6月9、16、23日にそれぞれ大分・大分銀行ドーム、兵庫・ノエビアスタジアム神戸、愛知・豊田スタジアムでテストマッチをおこなう日本代表にあって、経験者ならではの視点からチームを支えようとするのが31歳の真壁伸弥だ。  国内2連覇中のサント…

 6月9、16、23日にそれぞれ大分・大分銀行ドーム、兵庫・ノエビアスタジアム神戸、愛知・豊田スタジアムでテストマッチをおこなう日本代表にあって、経験者ならではの視点からチームを支えようとするのが31歳の真壁伸弥だ。
 
 国内2連覇中のサントリーで主将経験のある身長192センチ、体重126キロのLOは、日本代表としては2015年のワールドカップイングランド大会に出場。2009年の代表デビュー以来、通算36キャップを獲得してきた。ジェイミー・ジョセフ ヘッドコーチのもと活動するいま、全体を俯瞰(ふかん)して最適な言動を選び取っているようだ。

 持ち前の資質が垣間見えた季節は、4月だった。

 当時は若手の代表予備軍が揃うナショナル・デベロップメント・スコッド(NDS)が、ニュージーランド遠征を実施していた。「JAPAN A」というチーム名を背負い、スーパーラグビークラブの予備軍たちとの練習試合で3戦2勝という成績を収めた。

 参加者の多くが雰囲気の良さに喜ぶチームにあって、真壁は主将を任されていた。日本代表と連携を取るサンウルブズに在籍しながら、故障から復帰し間もなかったこともあってかNDSに回っていたのだ。

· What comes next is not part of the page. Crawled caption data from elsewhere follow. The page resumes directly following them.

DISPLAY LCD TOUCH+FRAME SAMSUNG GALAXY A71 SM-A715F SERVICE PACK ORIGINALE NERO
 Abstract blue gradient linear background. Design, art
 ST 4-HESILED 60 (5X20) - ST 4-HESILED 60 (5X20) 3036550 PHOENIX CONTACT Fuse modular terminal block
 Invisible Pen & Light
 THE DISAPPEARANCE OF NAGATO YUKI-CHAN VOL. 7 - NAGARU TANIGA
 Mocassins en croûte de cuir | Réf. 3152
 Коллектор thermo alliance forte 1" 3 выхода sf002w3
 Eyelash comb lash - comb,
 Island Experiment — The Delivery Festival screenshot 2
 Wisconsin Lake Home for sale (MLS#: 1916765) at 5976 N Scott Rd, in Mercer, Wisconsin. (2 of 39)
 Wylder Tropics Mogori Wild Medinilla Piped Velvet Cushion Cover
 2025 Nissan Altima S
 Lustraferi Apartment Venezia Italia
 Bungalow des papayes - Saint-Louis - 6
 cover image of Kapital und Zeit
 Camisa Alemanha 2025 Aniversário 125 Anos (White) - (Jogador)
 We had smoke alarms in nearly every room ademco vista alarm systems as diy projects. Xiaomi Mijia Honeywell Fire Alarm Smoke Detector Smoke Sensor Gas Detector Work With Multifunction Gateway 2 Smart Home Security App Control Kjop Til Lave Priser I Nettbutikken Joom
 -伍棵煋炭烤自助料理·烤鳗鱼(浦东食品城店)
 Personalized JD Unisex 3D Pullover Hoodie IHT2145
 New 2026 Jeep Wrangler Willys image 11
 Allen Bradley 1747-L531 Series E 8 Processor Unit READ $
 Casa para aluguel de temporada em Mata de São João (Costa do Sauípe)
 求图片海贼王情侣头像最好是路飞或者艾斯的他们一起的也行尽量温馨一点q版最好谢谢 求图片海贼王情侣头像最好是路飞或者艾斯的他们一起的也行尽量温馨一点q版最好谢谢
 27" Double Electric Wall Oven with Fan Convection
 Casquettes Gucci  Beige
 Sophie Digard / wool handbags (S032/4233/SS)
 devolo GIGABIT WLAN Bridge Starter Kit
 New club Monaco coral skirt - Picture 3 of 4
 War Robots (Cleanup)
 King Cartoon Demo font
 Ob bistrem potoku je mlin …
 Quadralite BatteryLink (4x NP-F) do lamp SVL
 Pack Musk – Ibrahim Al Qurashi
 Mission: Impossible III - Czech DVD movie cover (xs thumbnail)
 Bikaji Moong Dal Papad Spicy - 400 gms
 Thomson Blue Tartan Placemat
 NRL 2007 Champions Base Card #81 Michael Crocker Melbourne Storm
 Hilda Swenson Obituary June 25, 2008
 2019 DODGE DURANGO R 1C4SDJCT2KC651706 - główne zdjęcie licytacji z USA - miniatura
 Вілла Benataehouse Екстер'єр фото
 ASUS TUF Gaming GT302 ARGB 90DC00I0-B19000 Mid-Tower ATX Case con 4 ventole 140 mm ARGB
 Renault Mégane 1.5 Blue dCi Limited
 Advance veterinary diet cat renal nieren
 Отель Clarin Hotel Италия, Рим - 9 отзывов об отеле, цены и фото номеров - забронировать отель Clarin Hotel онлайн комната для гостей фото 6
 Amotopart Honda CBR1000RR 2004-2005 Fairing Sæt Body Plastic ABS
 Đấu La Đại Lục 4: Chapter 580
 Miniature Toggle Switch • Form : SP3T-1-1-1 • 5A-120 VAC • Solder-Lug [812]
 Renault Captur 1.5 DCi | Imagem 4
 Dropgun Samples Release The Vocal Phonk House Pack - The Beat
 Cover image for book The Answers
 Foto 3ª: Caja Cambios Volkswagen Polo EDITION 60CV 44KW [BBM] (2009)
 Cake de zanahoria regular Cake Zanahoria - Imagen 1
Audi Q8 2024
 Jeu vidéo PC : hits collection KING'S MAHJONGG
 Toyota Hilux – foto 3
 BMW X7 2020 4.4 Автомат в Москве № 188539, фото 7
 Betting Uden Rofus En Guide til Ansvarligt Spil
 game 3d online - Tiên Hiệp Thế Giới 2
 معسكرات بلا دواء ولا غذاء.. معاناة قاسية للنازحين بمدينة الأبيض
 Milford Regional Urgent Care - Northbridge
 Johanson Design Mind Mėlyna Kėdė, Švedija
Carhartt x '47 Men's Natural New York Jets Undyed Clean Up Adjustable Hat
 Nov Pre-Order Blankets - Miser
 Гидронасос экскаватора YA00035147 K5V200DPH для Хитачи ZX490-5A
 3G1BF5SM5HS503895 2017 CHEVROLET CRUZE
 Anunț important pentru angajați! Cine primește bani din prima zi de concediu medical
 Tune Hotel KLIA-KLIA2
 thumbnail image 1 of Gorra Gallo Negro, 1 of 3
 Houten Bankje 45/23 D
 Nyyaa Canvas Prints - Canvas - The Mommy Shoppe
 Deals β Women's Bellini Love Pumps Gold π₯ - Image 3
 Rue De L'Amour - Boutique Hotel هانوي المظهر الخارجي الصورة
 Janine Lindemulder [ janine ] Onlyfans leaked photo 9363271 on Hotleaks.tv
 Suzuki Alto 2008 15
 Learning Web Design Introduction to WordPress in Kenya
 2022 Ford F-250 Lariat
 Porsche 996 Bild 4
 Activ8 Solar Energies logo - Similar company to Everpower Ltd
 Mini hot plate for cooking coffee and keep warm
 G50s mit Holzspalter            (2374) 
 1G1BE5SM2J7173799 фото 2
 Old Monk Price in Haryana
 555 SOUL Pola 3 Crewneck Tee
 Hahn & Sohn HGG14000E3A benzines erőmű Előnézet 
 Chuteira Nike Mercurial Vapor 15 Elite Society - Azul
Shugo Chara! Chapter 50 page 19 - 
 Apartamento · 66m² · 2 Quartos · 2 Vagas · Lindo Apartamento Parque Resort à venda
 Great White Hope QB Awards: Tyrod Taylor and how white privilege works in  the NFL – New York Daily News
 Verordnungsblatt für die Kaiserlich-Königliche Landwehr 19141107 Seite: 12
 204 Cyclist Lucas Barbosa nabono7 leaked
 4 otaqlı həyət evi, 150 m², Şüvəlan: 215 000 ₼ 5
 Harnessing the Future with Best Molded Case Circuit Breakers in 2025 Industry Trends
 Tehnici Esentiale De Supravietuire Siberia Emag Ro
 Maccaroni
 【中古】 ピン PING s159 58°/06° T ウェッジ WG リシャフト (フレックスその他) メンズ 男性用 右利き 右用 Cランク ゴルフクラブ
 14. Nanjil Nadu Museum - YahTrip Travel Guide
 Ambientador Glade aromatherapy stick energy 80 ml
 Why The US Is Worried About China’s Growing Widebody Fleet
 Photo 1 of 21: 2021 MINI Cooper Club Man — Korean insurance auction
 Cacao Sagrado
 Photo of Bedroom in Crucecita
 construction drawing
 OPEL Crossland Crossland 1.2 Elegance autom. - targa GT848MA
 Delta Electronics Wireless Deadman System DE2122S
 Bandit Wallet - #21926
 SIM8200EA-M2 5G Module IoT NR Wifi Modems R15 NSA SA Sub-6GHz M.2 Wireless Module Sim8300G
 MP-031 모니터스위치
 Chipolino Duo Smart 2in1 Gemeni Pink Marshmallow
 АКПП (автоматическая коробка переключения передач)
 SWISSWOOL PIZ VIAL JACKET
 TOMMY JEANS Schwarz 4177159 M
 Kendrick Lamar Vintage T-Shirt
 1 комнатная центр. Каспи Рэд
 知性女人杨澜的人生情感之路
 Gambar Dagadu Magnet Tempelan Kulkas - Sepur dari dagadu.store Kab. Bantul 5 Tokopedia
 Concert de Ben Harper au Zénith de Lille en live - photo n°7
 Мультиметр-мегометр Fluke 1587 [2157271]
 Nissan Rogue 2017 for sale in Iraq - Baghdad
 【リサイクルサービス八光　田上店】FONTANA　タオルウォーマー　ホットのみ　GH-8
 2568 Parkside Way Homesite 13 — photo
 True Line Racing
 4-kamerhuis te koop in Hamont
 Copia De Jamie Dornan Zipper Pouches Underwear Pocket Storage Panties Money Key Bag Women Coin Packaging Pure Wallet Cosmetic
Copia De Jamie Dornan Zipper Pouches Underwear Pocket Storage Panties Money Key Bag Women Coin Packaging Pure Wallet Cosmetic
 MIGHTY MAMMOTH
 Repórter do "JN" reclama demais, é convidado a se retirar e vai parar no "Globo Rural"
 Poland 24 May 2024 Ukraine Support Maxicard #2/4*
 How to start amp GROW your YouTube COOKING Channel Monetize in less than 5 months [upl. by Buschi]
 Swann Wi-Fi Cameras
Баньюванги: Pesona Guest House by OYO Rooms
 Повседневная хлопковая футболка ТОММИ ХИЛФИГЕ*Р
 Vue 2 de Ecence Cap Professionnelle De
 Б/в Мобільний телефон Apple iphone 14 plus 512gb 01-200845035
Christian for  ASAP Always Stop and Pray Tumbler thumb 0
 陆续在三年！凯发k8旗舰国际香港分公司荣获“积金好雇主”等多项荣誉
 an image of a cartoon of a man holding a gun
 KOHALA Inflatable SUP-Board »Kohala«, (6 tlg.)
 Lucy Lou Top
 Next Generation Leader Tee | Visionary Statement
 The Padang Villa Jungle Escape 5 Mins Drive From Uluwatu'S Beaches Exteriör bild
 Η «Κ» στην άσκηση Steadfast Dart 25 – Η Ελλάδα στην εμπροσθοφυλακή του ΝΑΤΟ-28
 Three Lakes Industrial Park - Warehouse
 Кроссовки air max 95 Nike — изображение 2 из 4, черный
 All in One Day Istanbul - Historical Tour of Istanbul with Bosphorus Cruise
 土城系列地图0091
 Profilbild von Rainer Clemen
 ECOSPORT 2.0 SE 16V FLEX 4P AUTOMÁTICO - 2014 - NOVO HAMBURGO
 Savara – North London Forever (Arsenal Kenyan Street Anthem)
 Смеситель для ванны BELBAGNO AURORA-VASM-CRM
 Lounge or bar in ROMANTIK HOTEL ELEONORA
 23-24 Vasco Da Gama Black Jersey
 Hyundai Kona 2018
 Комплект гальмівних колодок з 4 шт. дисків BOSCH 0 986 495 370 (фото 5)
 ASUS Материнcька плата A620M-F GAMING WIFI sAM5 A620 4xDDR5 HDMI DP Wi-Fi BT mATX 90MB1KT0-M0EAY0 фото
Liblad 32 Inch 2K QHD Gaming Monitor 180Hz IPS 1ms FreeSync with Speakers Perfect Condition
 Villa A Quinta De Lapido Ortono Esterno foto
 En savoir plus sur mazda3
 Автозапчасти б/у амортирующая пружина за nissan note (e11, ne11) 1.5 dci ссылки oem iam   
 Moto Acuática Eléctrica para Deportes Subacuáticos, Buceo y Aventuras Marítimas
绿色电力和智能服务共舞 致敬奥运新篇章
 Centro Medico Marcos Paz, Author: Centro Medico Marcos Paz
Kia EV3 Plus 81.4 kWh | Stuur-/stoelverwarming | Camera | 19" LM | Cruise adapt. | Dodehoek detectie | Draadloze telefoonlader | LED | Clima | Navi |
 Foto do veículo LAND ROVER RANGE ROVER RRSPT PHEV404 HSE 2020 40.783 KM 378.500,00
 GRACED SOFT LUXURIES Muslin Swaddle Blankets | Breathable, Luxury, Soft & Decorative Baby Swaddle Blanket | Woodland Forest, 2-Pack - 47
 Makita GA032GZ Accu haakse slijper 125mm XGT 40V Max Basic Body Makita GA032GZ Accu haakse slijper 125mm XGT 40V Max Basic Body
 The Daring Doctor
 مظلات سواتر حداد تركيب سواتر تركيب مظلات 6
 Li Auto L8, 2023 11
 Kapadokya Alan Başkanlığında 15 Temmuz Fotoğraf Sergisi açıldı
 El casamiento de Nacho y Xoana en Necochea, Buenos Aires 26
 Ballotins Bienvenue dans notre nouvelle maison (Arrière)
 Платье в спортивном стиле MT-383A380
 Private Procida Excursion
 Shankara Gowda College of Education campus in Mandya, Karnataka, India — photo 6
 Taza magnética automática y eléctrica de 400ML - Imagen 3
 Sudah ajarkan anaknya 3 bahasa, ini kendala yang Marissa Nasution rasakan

当時の心境を明かす。

「あそこは(日本代表などへの)セレクションの場。(皆に)チームのためにやってもらうような雰囲気を作ることが、自分のセレクションにも関わると思ったので、それを意識してチーム作りをしていました。自分が…というよりも、フォア・ザ・チーム」

 若手の多いグループでの年長者という立場を踏まえ、皆が献身的になれるよう促したというのだ。チームを率いる堀川隆延ヘッドコーチは、日本代表に似た戦術をややマイナーチェンジし「桶狭間」というキーワードに集約させていた。真壁は「それに乗っかり、それを軸にした」という。

「自分たちのスタイルを信じ、それをやったら勝てるというふうにすれば(ひとつの方角を)向きやすい。そうなるよう指示をしました。1試合目に勝ったことによって『やればできるんだ』と思い、なんで勝つことができたのかを考える方向へシフトできたのもよかった。スムーズにチーム作りができました。(好調な)サントリーの時と変わらない手法でできたと思います」

 5月27日、宮崎。日本代表が、6月のツアーに向けた事前合宿を始めた。サンウルブズにいる日本代表勢の一部は、同月中旬からのリフレッシュ休暇を経てキャンプインした。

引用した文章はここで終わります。